Между тем, голос экскурсовода разносится далеко, хорошо резонирует, сплетается с трезвоном жаворонков, стрекотаньем скворцов…
— Вы видите перед собой здание фермы. Если бы вам не сказали, что это ферма, вы бы могли подумать что угодно… Посмотрите, как искусно, красиво вкраплены арочные окна в общий архитектурный облик строения. Но это не элемент декора, они сделаны из самой утилитарной потребности проветривать сено, которое хранилось под кровлей… Видите, как красиво построены пандусы — по ним завозили сено в сенник. Перекрытие над собственно скотным двором имело определенного размера отверстия, чтобы сбрасывать сено с сеновала в кормушки. На ферме существовал монорельс… По нему развозилось к стойлам то, что необходимо коровам для, как теперь говорят, отдачи удоев… Я, извиняюсь, не специалист в этой области, точно не знаю, чем именно монахи кормили своих коров, но доподлинно известно, что из молока они производили сметану, масло, сыр, творог; все это здесь же упаковывалось в бочонки… Вон там, у озера, в пещере хранился все лето заготовленный ранней весною лед, там был холодильник. На озере Сяся–ярви, которое вы видите перед собой — оно проточное, с выходом в Ладогу, — имелась пристань; продукты животноводства грузились на суда, отправлялись в Петербург, Сортавалу, Кексгольм, куда угодно. Сами монахи скоромную пищу употребляли в малых количествах, у них были продолжительные посты, когда не ели даже рыбу. Выручка от продуктов шла на пользу монастырского хозяйства, строительство дорог, каналов, дренажных канав, развитие самых разнообразных сношений с миром…

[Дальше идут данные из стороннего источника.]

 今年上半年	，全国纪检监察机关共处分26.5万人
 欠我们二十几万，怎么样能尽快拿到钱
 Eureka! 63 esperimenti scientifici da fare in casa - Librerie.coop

— Все процессы на ферме были механизированы. Паровую машину изготовили местные умельцы, как бы теперь сказали, рационализаторы… Обратите внимание, какой насыщенный, бордовый, переходящий в алый цвет у кирпича, как будто кирпичи только что вынули из печи после обжига, еще не остыли. Ни один кирпич за сто и более лет не выкрошился, не состарился. До сих пор не определен состав цемента, употреблявшегося монахами при строительстве. Посмотрите, как хорошо сохранились прожилки раствора в пазах между кирпичами, как будто на них — живое прикосновение пальцев валаамских каменщиков… У монастыря были свои кирпичные заводы; кирпичи производили из местных глин, отсюда их особенный цвет. На острове культивировались и разнообразные производства промыслы: смолокуренное, ткацкое, ложкарное…

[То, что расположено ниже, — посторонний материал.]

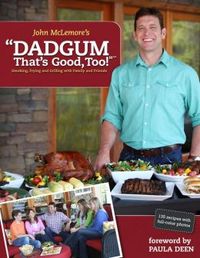 Dadgum That's Good, Too! by John McLemore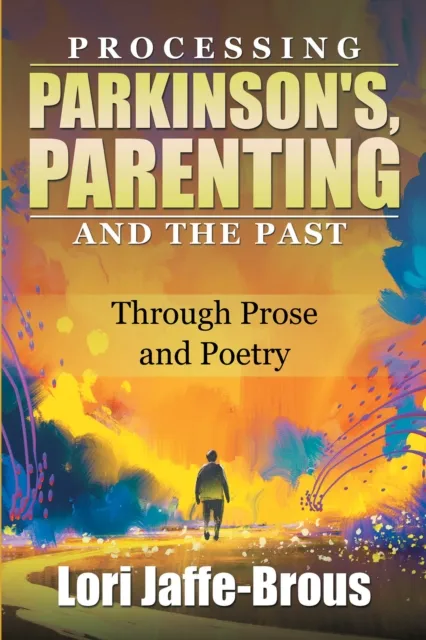 Processing Parkinson's, Parenting and the Past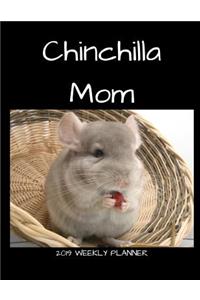 Chinchilla Mom 2019 Weekly Planner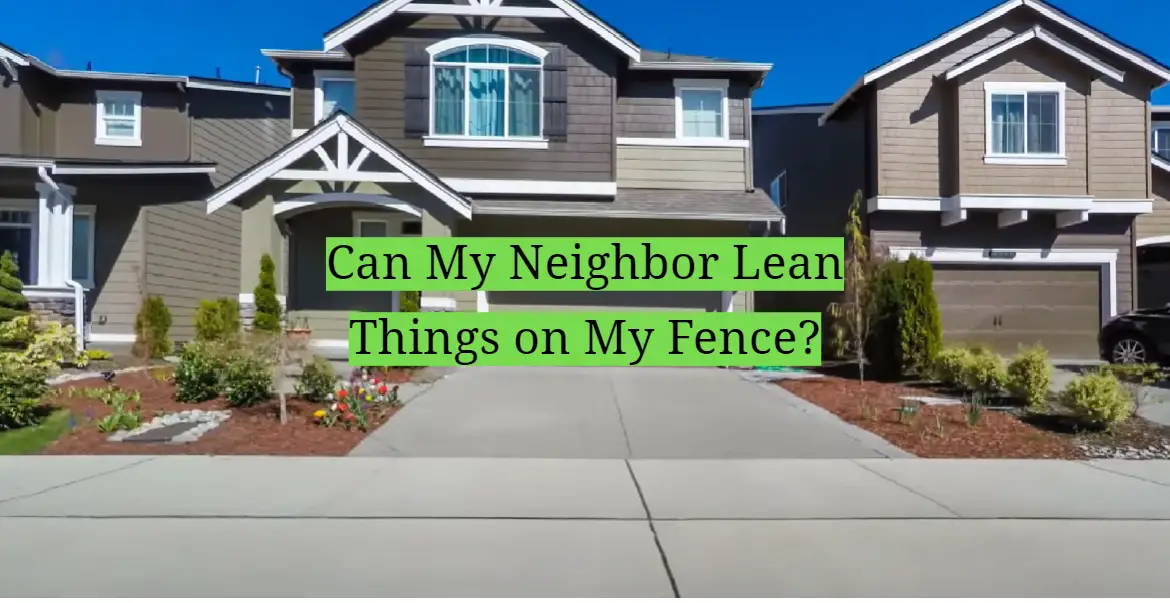 Can My Neighbor Lean Things on My Fence?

Л вон в том строении жили монахи, собственно, обслуживающий персонал фермы. Там же помещался рыборазводный заводик: в ванночках оплодотворяли икру палии, сига, выращивали мальков и отпускали их в озеро, до сорока тысяч в год. Что еще было в этом — правда же, удивительном! — месте, так это… Что бы вы думали? Очистные сооружения. Валаамские монахи чуть не за двести лет до того, как писатель Распутин поднял голос в защиту Байкала, додумались до такой простой мысли, что окружающую природу надо беречь, стоки с животноводческой фермы очищать, прежде чем они попадут в ту воду, которую мы пьем, стоки фермы шли по специальному желобу, попадали сначала в одну отстойную яму, потом в другую, обрабатывались негашеной известью, еще чем–то…

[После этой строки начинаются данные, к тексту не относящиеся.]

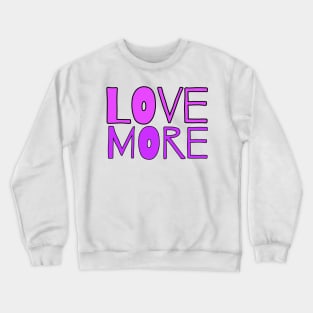 Love t-shirt Crewneck Sweatshirt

Когда эмоциональная речь нашего гида, все более увлекающегося собственными, на ходу творимыми картинами некогда бывшей здесь то ли действительности, то ли легенды, коснулась особо интересного предмета: какие сады разводили вон там, на пологих склонах в межозерье, какие арбузы выращивали — по восемь килограммов в кавуне, а тыквы — по пуду! Когда нам сказали, что к монашескому трапезному столу подавали зараз по пять пудов клубники, смородины, малины, крыжовника, мы впали в легкий экстаз, в непроизвольную эйфорию… и на лице у нашего гида проступило устало–удовлетворенное выражение хорошо выполненной работы.